[Opening Records for this exercise section]

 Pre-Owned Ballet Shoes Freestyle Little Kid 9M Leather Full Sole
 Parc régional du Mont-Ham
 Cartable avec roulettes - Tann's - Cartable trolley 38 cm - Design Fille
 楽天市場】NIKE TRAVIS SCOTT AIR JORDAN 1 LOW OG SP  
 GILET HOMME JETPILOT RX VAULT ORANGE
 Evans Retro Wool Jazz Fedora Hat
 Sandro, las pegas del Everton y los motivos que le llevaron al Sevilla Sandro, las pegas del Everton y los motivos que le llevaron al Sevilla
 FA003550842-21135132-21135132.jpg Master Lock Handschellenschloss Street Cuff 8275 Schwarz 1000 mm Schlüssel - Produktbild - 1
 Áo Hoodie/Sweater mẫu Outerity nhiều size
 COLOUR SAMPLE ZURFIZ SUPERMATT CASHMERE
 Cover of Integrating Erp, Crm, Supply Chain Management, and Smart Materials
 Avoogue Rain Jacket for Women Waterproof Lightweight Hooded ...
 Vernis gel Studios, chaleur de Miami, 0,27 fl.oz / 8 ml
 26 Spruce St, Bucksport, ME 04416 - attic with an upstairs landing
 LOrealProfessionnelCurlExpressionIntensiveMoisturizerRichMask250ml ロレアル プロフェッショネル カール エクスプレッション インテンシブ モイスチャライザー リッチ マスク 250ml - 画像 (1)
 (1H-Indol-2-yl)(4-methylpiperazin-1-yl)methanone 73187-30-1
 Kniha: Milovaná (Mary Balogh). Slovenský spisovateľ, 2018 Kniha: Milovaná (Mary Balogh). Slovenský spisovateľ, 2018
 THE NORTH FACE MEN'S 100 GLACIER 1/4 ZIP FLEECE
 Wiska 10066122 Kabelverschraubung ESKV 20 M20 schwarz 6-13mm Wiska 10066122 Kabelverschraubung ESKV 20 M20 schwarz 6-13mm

[Closing Records for this exercise section]

◆ **Problem description**
Would you print exactly and only the lines of the material above that run from the line with "Cartable avec roulettes" through the line with "250ml - 画像 (1)", both included?

◆ **Response to the task**
 Cartable avec roulettes - Tann's - Cartable trolley 38 cm - Design Fille
 楽天市場】NIKE TRAVIS SCOTT AIR JORDAN 1 LOW OG SP  
 GILET HOMME JETPILOT RX VAULT ORANGE
 Evans Retro Wool Jazz Fedora Hat
 Sandro, las pegas del Everton y los motivos que le llevaron al Sevilla Sandro, las pegas del Everton y los motivos que le llevaron al Sevilla
 FA003550842-21135132-21135132.jpg Master Lock Handschellenschloss Street Cuff 8275 Schwarz 1000 mm Schlüssel - Produktbild - 1
 Áo Hoodie/Sweater mẫu Outerity nhiều size
 COLOUR SAMPLE ZURFIZ SUPERMATT CASHMERE
 Cover of Integrating Erp, Crm, Supply Chain Management, and Smart Materials
 Avoogue Rain Jacket for Women Waterproof Lightweight Hooded ...
 Vernis gel Studios, chaleur de Miami, 0,27 fl.oz / 8 ml
 26 Spruce St, Bucksport, ME 04416 - attic with an upstairs landing
 LOrealProfessionnelCurlExpressionIntensiveMoisturizerRichMask250ml ロレアル プロフェッショネル カール エクスプレッション インテンシブ モイスチャライザー リッチ マスク 250ml - 画像 (1)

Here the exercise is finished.